English “Modi-fied” Although Prime Minister Narendra Modi primarily spoke in Hindi in his recent visit to America, he embraced bits of English to press the salient and punchy points in his speeches. In fact, some of his coinages may well stay as lasting addition to the English language. From his campaign trail to the prime minister’s bully pulpit, Modi has hit on many phrases, nonce-words, acronyms etc, contrary to his popular impression as a rabid Hindi chauvinist. Given his fondness for these catchy terms, the repertoire of “Modispeak” will surely expand during his political tenure. As of now, it is no less interesting. Some of his abbreviations, for instance, RSVP (Rahul, Sonia, Vadra and Priyanka) and ABCD (Adarsh, Bofors, Coalgate and Damad) targeting the Congress (I), were short-haul verbal missiles. These delightfully indecorous and deliciously derisive abbreviations unleashed the jibe they were meant for, but they will end up as one-dimensional and will perhaps die out eventually. On the other hand, fresh collocations in phrases like “minimum government, maximum governance”, ingenious initialisms, namely 3Ds (democracy, demographic dividend and demand) and 4Ps (people-public-private partnership), punning variation on a well-known abbreviation, FDI (from Foreign Direct Investment to First Develop India), a blend formation like INCH (India and China) and an acronym in the form of MILES (Millennium of exceptional synergy) exude the “Modi-fied” flavour of Indian English.

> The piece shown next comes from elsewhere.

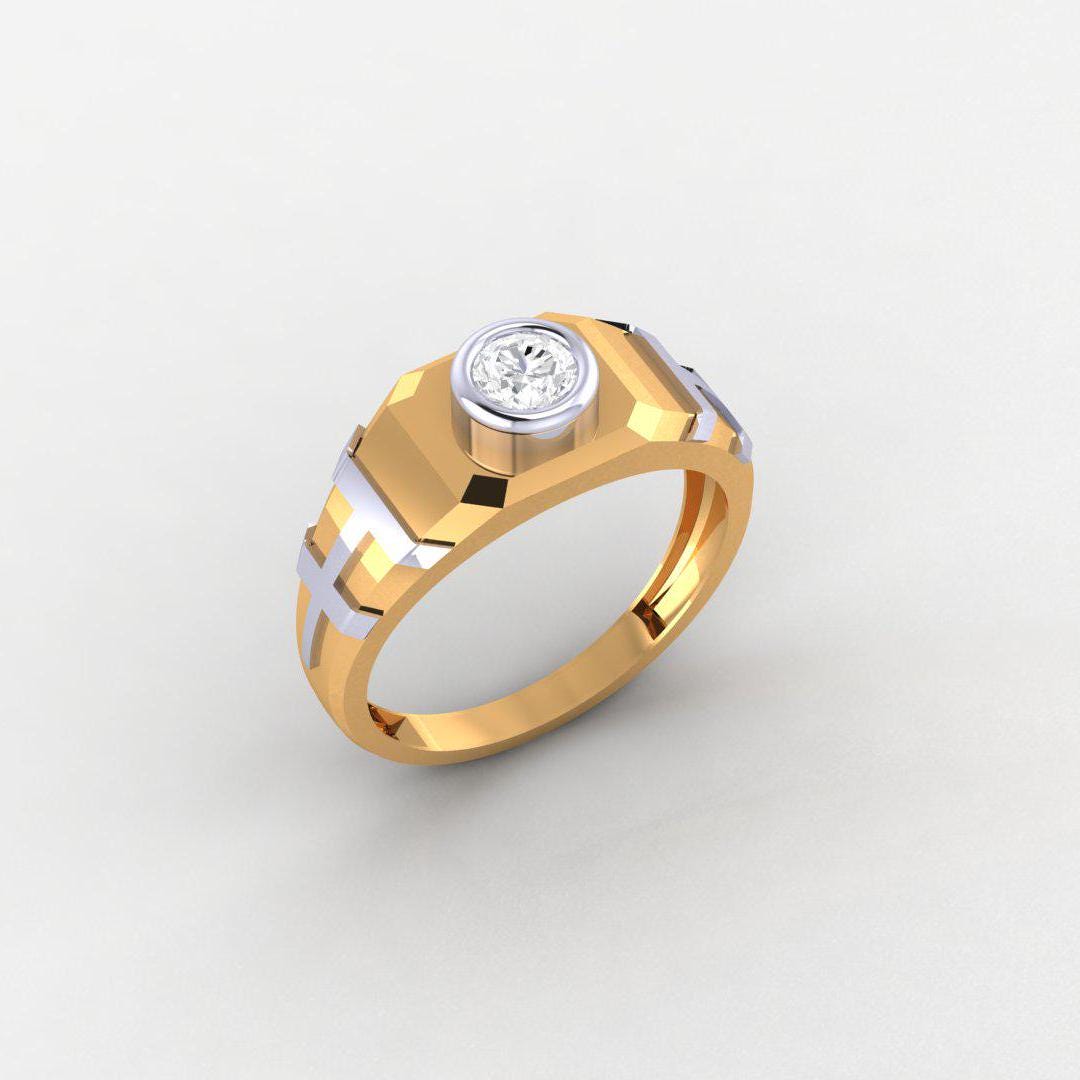 Men’s 14K Gold-Plated Ring, 925 Sterling Silver, Yellow & White Finish, Diamond-Free, Comfort Fit, Classic Gift for Him, High Polish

Modi’s opponents think that these catchy terms are being minted by his techno-savvy and imaginative whizzkids, but backroom boys cannot be the drivers of change. Even with modest English inputs of its maker, “Modispeak” has outshone the mocking pun of the Harvard-educated Abhishek Manu Singhvi, who deconstructed Modi into “Man of damage to India” and BJP into (Bharat Jalao Party). Lest anyone find the Modi-Singhvi comparison invidious, let me add that the unlikely likeness has been yoked with a bit of violence only for the limited purpose of making my point that languages live and grow by power.